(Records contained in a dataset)
····················

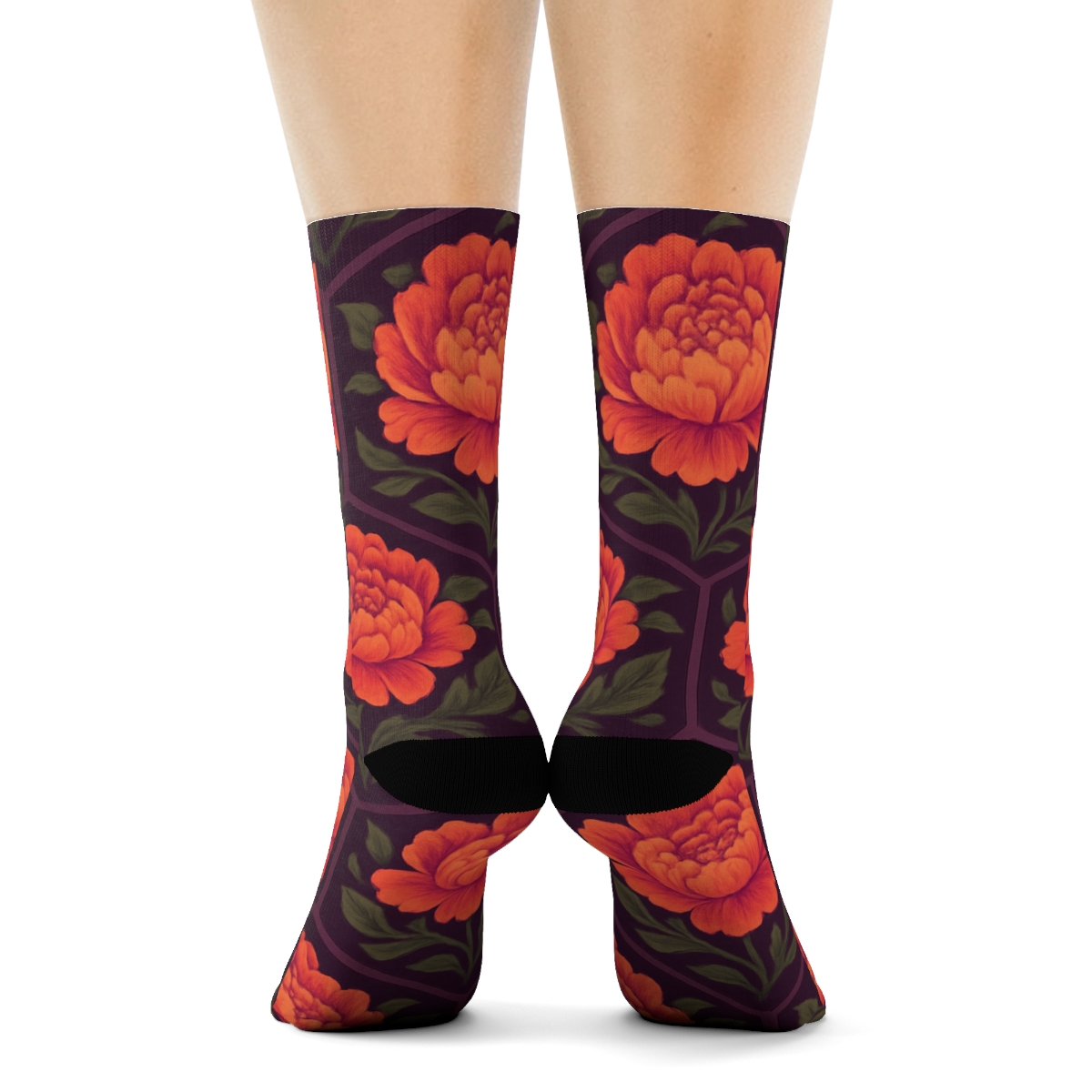 Sunset Peony Medallion Tessellation On Deep Plum Background premium sports crew socksSunset Peony Medallion Tessellation on Deep Plum Background Crew Socks - Image 4
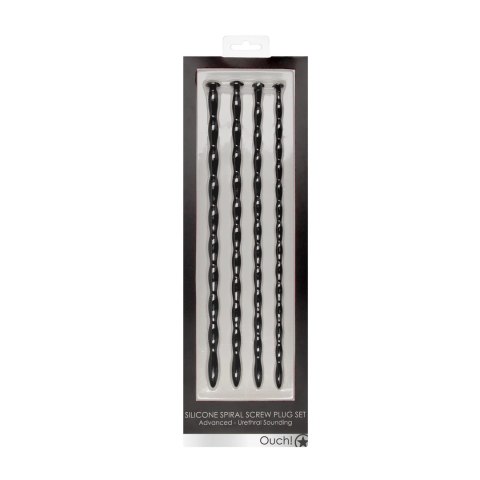 Ouch! Advanced Spiral Silicone Plug Set - 4 rozmiary, 29,6 cm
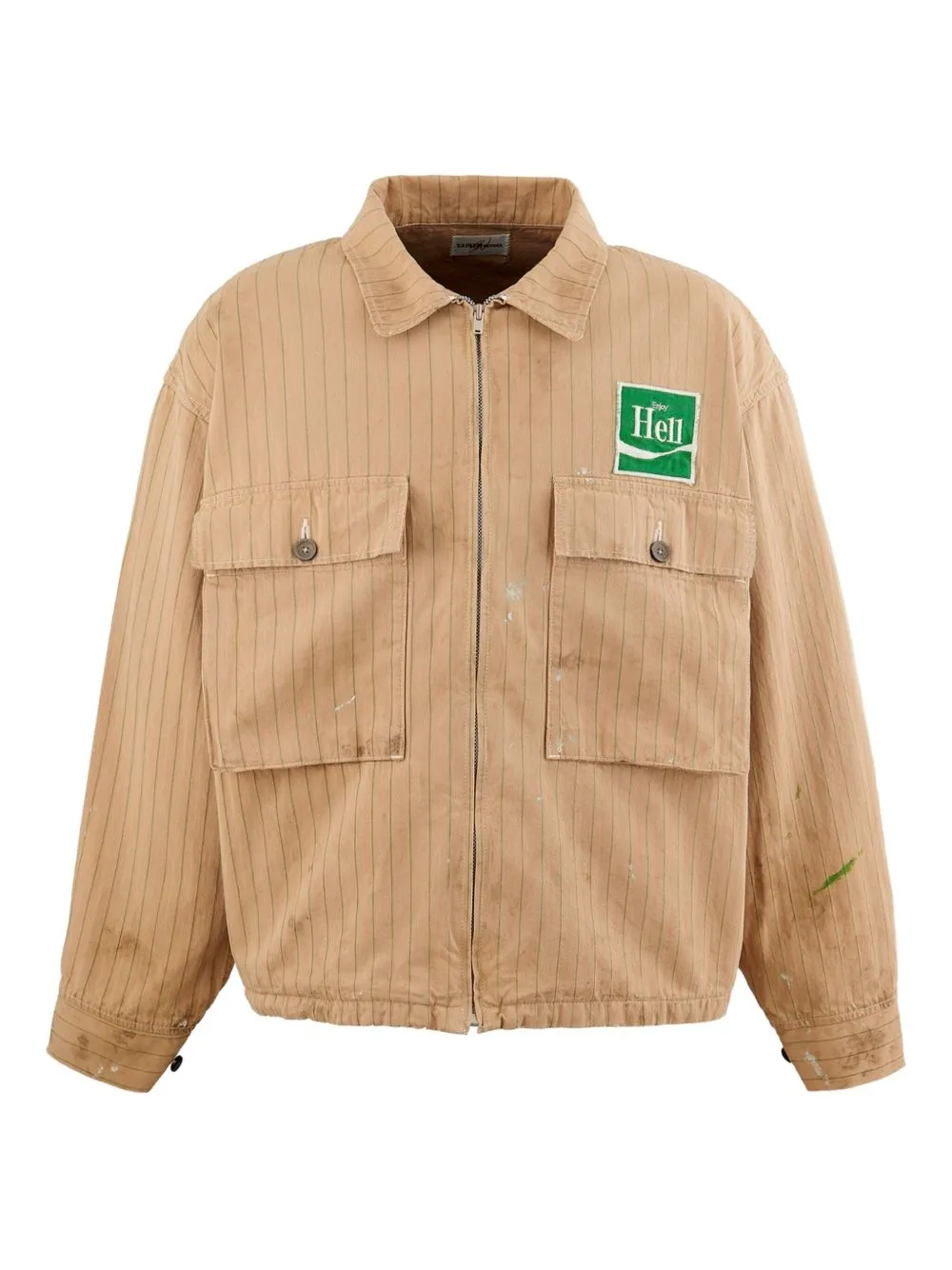 Pinstripe Zip-Up Jacket winter jackets clearance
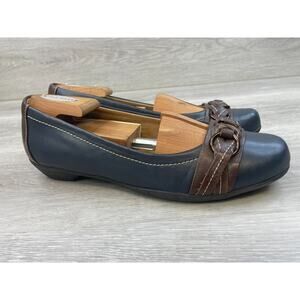 Softspots Posie Women's 9 Blue Loafer Leather Shoes Comfort Casual Round Toe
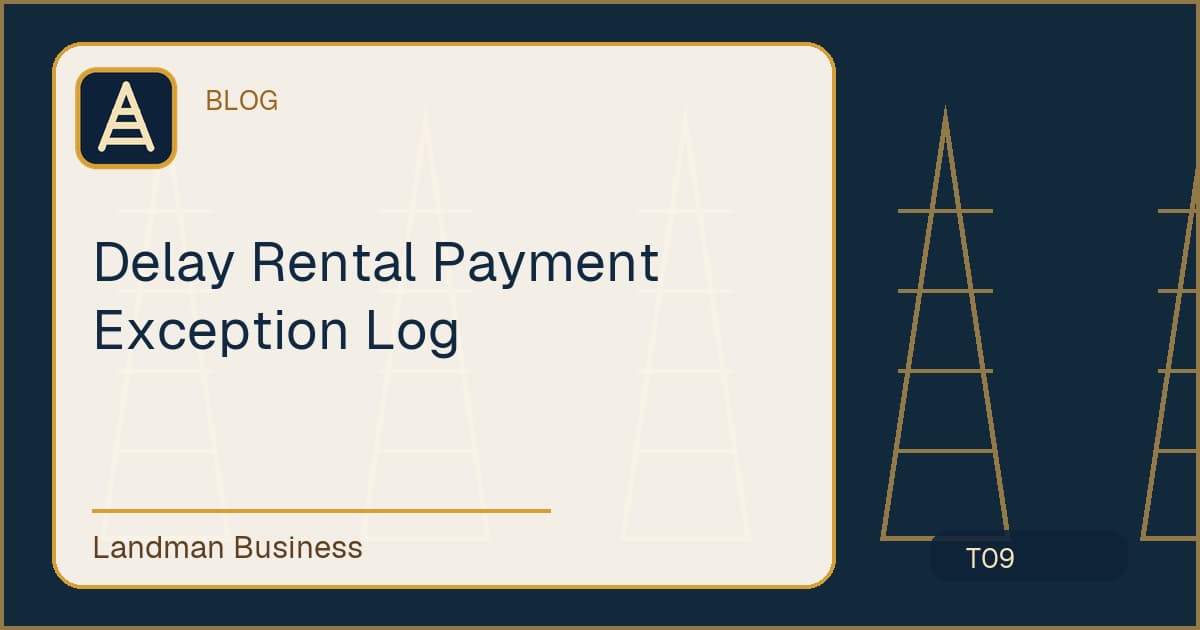Editorial title card for Delay Rental Payment Exception Log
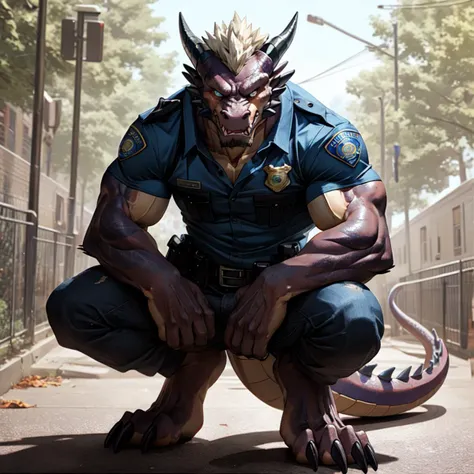 male, digitigrade, dragon, (tail), muscular, (police uniform), ripped shirt, ripped pants, big arms, big feet, paw pads, (mid transformation), squatted position, squatting, snarling, glaring, looking at viewer, showing off teeth, (human), college campus, photograph, <lora:LoraTransformBY_bytransform:1>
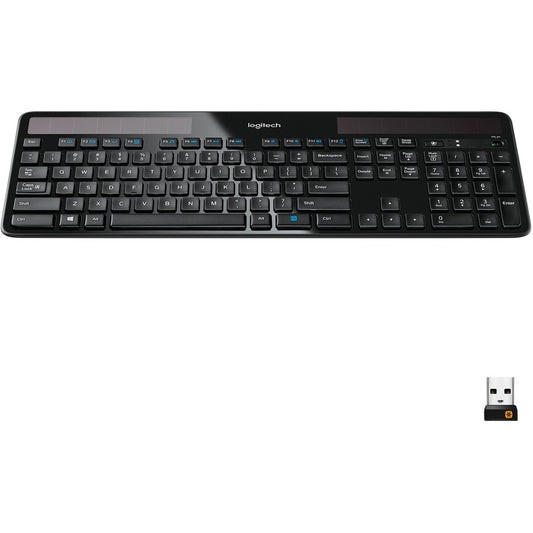 Logitech K750 Wireless Solar Keyboard for Windows, 2.4GHz Wireless with USB Unifying Receiver, Ultra-Thin, Compatible with PC, Laptop 920-002912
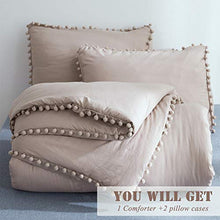 Load image into Gallery viewer, SexyTown King Size Pom Pom Comforter,Super Soft Lightweight Boho Chic Bohemian Warm Winter Comforter Set with Ball Pom Fringe Microfiber Duvet 3 Pieces (1 Comforter + 2 Pom Pillow Shams)
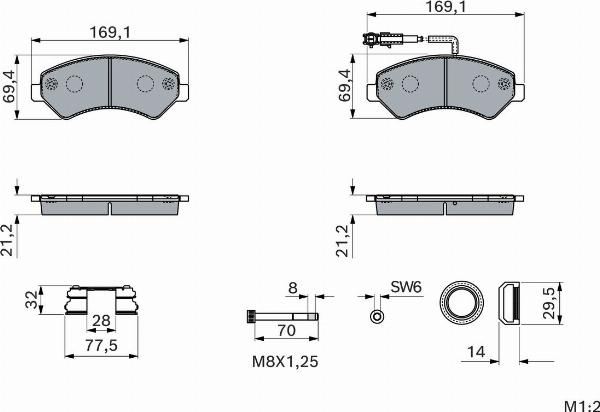 BOSCH 0 986 460 239 — Zestaw klocków hamulcowych, hamulce tarczowe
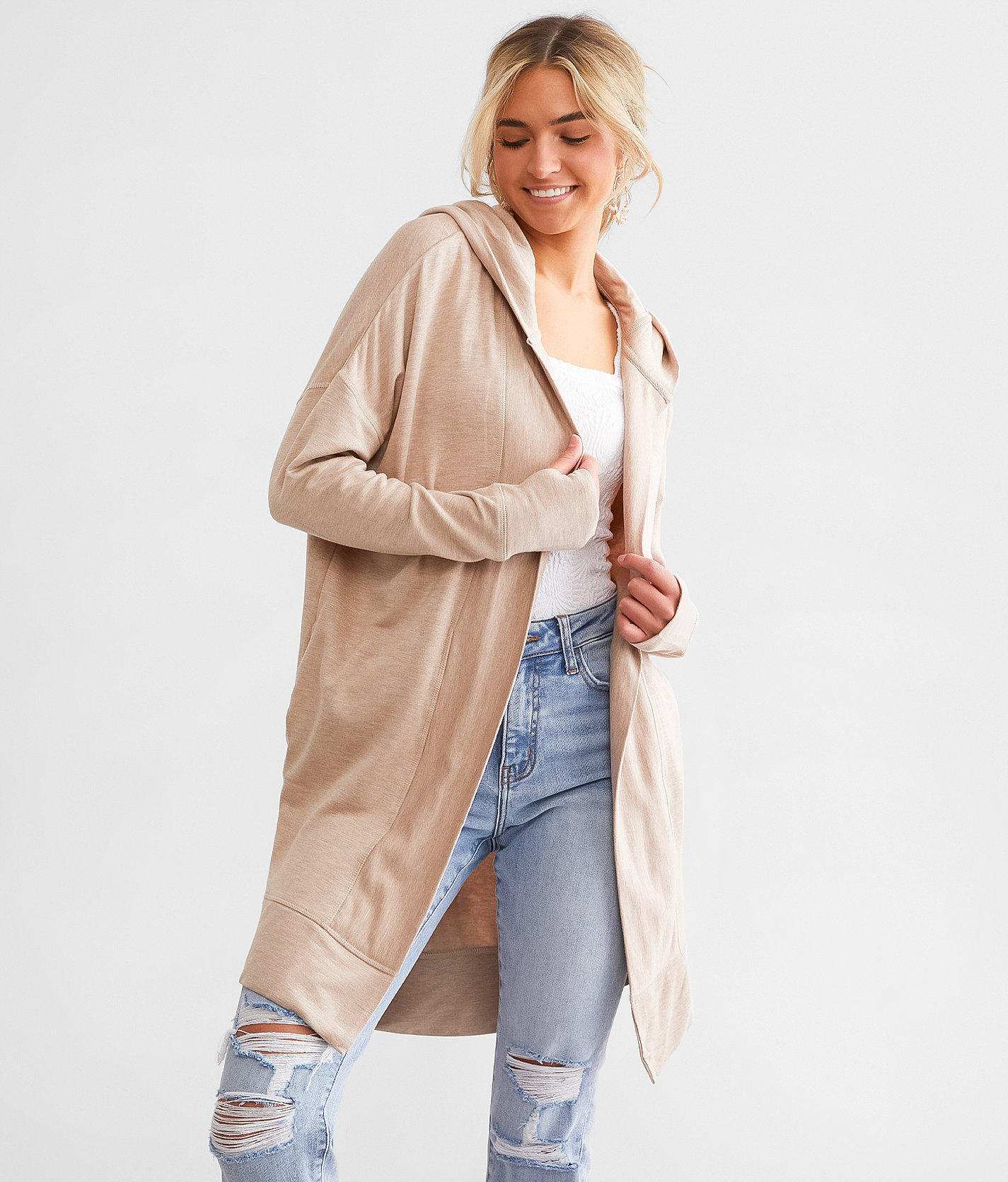 Mono B Longline Hooded Cardigan - Women's Sweaters in Natural
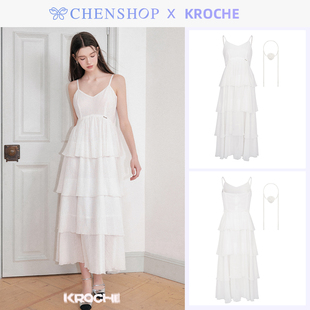 kroche白色玫瑰系带蓬蓬软软吊带蛋糕裙连衣裙CHENSHOP设计师品牌
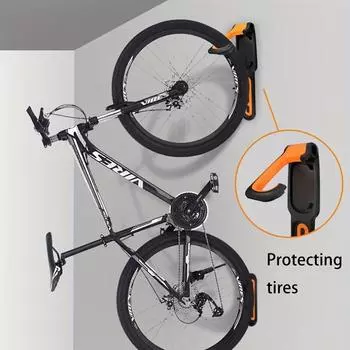 Складной настенный крючок для велосипеда, вертикальная стойка для хранения велосипедов для помещения, гаража и сарая - простая установка оранжевый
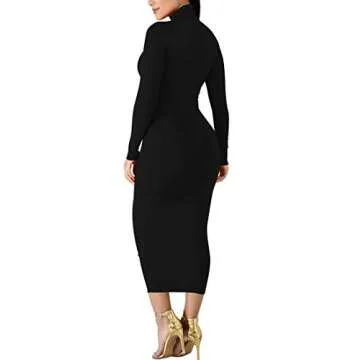 BORIFLORS Women's Sexy Basic Long Sleeve Turtleneck Bodycon Party Long Pencil Dress,Large,Black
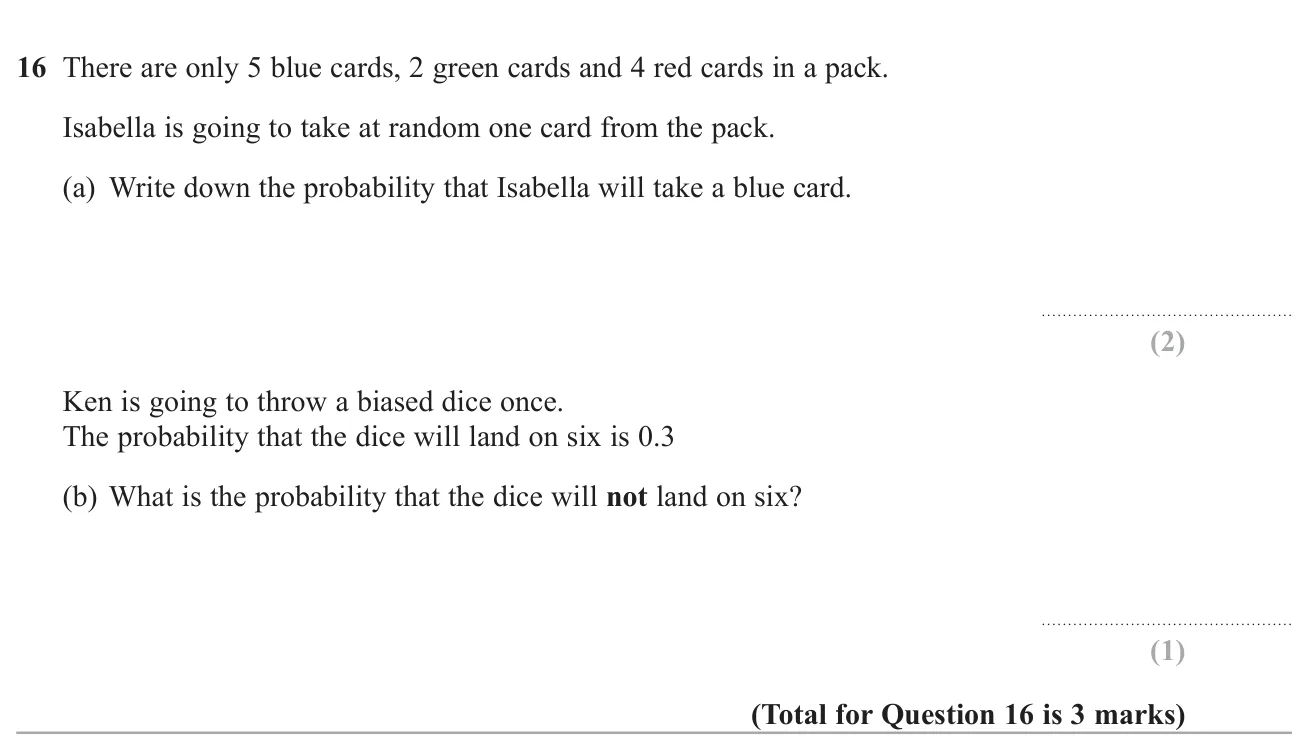 Find a probability from counts of coloured cards and use the fact that probabilities sum to 1.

····················

Only the lines from the one with "Pinstripe Zip-Up Jacket" through the final line of the entries above are to be repeated, exactly as written and without pictures.

■ Problem solution:
 Pinstripe Zip-Up Jacket winter jackets clearance
 Softspots Posie Women's 9 Blue Loafer Leather Shoes Comfort Casual Round Toe
Editorial title card for Delay Rental Payment Exception Log
 male, digitigrade, dragon, (tail), muscular, (police uniform), ripped shirt, ripped pants, big arms, big feet, paw pads, (mid transformation), squatted position, squatting, snarling, glaring, looking at viewer, showing off teeth, (human), college campus, photograph, <lora:LoraTransformBY_bytransform:1>
 Logitech K750 Wireless Solar Keyboard for Windows, 2.4GHz Wireless with USB Unifying Receiver, Ultra-Thin, Compatible with PC, Laptop 920-002912
 Load image into Gallery viewer, SexyTown King Size Pom Pom Comforter,Super Soft Lightweight Boho Chic Bohemian Warm Winter Comforter Set with Ball Pom Fringe Microfiber Duvet 3 Pieces (1 Comforter + 2 Pom Pillow Shams)
 BOSCH 0 986 460 239 — Zestaw klocków hamulcowych, hamulce tarczowe
 Mono B Longline Hooded Cardigan - Women's Sweaters in Natural
 kroche白色玫瑰系带蓬蓬软软吊带蛋糕裙连衣裙CHENSHOP设计师品牌
 Складной настенный крючок для велосипеда, вертикальная стойка для хранения велосипедов для помещения, гаража и сарая - простая установка оранжевый
 BORIFLORS Women's Sexy Basic Long Sleeve Turtleneck Bodycon Party Long Pencil Dress,Large,Black
 Find a probability from counts of coloured cards and use the fact that probabilities sum to 1.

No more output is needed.